DATA SECTION:

::::

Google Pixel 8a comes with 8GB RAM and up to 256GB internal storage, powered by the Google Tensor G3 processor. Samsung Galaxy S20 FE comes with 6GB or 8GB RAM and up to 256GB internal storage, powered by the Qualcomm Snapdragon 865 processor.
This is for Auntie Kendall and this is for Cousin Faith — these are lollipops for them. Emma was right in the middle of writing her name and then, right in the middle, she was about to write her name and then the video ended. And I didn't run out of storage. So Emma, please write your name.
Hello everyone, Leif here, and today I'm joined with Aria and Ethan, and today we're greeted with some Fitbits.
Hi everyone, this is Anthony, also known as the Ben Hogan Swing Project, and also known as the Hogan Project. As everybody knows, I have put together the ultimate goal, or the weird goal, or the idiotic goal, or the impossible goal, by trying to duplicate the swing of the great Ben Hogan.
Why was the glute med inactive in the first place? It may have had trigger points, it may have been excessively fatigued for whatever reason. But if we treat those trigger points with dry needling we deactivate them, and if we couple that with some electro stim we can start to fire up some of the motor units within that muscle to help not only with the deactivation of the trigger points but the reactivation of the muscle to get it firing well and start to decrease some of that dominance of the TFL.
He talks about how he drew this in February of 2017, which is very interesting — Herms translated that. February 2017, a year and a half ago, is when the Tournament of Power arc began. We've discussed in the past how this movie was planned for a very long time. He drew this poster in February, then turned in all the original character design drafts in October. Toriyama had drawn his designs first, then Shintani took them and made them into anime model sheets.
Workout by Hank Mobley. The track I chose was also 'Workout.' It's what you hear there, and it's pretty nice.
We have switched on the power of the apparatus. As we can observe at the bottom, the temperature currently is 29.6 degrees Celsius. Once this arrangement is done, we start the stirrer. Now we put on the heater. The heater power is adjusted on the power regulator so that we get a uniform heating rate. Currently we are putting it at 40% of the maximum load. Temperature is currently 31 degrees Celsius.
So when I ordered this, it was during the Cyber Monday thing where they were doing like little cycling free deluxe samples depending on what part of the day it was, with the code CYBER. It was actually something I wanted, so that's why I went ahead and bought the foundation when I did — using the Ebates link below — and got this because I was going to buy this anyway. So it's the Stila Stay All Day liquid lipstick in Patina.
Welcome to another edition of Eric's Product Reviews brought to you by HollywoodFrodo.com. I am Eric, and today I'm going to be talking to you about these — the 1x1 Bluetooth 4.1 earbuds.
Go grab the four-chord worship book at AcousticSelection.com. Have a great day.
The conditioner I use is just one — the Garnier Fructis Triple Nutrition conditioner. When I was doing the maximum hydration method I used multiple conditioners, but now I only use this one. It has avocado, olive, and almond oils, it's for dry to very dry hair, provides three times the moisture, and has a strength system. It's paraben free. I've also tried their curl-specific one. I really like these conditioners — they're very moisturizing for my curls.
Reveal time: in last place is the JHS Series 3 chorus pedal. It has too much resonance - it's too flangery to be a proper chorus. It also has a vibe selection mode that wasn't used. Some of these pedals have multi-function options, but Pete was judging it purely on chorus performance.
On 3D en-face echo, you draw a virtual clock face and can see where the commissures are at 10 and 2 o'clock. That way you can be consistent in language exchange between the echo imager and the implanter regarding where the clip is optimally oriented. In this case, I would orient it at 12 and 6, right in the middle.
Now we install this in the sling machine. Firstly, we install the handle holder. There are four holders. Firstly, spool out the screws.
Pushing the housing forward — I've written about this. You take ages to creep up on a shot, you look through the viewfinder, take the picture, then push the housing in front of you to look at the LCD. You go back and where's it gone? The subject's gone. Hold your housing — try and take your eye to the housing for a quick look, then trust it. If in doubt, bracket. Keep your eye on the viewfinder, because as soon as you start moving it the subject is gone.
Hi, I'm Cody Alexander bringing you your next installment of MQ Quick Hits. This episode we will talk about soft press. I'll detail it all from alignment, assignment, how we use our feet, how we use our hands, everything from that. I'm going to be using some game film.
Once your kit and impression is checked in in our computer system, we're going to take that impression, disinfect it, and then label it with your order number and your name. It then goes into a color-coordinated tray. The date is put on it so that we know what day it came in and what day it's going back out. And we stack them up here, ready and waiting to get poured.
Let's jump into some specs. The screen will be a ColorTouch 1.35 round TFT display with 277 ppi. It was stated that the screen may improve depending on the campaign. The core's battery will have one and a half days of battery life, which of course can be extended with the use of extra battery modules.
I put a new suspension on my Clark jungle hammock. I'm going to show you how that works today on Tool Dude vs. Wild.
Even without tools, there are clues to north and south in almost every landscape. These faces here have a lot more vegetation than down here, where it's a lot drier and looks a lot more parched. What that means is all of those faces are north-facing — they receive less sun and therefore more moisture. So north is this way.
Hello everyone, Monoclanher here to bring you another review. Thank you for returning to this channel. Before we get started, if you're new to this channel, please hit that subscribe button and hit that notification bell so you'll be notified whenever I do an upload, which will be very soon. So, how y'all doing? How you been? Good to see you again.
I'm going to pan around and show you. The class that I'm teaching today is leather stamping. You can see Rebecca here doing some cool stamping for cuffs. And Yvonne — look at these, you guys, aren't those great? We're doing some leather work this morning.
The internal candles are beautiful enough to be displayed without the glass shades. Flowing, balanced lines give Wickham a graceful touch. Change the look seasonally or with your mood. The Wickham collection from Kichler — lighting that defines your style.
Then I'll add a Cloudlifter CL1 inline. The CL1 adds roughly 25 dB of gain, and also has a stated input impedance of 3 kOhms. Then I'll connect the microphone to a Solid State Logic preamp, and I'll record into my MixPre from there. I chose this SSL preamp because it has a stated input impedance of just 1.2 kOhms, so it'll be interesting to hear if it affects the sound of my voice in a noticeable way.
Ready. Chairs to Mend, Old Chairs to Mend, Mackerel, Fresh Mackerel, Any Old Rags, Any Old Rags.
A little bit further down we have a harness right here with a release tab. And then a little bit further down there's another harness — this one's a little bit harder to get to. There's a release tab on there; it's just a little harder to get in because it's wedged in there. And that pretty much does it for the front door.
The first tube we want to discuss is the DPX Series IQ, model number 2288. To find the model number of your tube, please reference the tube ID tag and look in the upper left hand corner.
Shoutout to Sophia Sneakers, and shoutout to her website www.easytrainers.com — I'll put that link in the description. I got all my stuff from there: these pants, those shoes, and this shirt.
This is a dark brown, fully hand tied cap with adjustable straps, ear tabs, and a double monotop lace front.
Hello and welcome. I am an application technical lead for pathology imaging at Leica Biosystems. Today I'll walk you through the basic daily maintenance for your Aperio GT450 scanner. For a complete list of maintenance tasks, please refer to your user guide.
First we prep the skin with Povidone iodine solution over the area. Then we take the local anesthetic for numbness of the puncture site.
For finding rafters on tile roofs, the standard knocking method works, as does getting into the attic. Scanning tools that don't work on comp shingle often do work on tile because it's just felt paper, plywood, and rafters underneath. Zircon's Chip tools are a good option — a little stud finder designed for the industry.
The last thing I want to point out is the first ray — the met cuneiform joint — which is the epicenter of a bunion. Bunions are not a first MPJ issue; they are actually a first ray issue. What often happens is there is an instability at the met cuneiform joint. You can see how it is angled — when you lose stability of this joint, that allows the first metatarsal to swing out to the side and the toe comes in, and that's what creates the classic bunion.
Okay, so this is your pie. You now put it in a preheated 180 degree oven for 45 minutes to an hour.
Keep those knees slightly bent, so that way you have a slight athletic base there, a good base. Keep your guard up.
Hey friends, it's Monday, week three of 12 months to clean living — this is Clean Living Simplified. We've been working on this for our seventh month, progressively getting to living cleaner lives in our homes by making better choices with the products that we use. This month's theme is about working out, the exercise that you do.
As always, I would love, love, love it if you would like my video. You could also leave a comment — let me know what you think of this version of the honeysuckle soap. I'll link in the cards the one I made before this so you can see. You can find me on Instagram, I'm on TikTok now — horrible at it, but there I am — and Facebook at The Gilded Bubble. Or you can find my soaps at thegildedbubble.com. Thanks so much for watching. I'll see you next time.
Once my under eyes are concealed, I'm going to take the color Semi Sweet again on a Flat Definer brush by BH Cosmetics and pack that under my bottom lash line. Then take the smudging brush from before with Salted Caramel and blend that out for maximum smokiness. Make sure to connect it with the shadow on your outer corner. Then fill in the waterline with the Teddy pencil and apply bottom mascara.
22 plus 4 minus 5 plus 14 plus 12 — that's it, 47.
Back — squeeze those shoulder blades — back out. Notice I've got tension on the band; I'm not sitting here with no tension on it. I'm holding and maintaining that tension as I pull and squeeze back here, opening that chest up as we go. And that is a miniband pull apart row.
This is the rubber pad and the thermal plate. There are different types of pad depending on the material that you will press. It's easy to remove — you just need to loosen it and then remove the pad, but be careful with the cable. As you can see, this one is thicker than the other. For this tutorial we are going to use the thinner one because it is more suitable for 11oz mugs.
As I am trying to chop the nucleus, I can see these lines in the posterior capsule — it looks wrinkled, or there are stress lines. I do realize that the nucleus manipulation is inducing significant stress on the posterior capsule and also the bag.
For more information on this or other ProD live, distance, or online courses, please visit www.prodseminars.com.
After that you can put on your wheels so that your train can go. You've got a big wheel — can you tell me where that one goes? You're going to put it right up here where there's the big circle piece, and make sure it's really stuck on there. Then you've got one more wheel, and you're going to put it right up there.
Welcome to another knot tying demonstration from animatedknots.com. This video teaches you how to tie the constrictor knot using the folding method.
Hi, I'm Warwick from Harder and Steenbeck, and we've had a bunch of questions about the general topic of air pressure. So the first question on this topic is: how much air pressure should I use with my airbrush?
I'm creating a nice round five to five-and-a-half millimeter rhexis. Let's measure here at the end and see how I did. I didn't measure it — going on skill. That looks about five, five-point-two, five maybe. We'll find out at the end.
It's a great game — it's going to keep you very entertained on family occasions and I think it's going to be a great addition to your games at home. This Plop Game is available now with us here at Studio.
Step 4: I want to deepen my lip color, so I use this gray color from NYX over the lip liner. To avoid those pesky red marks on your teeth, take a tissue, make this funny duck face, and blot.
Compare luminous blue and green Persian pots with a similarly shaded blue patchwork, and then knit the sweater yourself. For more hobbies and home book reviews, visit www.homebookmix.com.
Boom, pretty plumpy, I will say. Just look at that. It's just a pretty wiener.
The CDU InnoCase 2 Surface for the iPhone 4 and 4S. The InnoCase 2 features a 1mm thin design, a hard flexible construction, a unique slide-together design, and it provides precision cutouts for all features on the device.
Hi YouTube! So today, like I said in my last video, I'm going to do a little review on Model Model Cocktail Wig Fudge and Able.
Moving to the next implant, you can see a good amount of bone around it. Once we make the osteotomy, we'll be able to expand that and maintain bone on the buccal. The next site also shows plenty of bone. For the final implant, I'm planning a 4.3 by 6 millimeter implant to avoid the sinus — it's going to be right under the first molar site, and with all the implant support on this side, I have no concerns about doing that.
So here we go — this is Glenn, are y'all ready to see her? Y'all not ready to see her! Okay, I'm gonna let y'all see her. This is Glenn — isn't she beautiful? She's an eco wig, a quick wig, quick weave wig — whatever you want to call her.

::::

WHAT TO PRODUCE: Reproduce verbatim the lines above, from the line with "This is for Auntie" through the line with "Hello everyone, Leif".

RESULT OF THE TASK:
This is for Auntie Kendall and this is for Cousin Faith — these are lollipops for them. Emma was right in the middle of writing her name and then, right in the middle, she was about to write her name and then the video ended. And I didn't run out of storage. So Emma, please write your name.
Hello everyone, Leif here, and today I'm joined with Aria and Ethan, and today we're greeted with some Fitbits.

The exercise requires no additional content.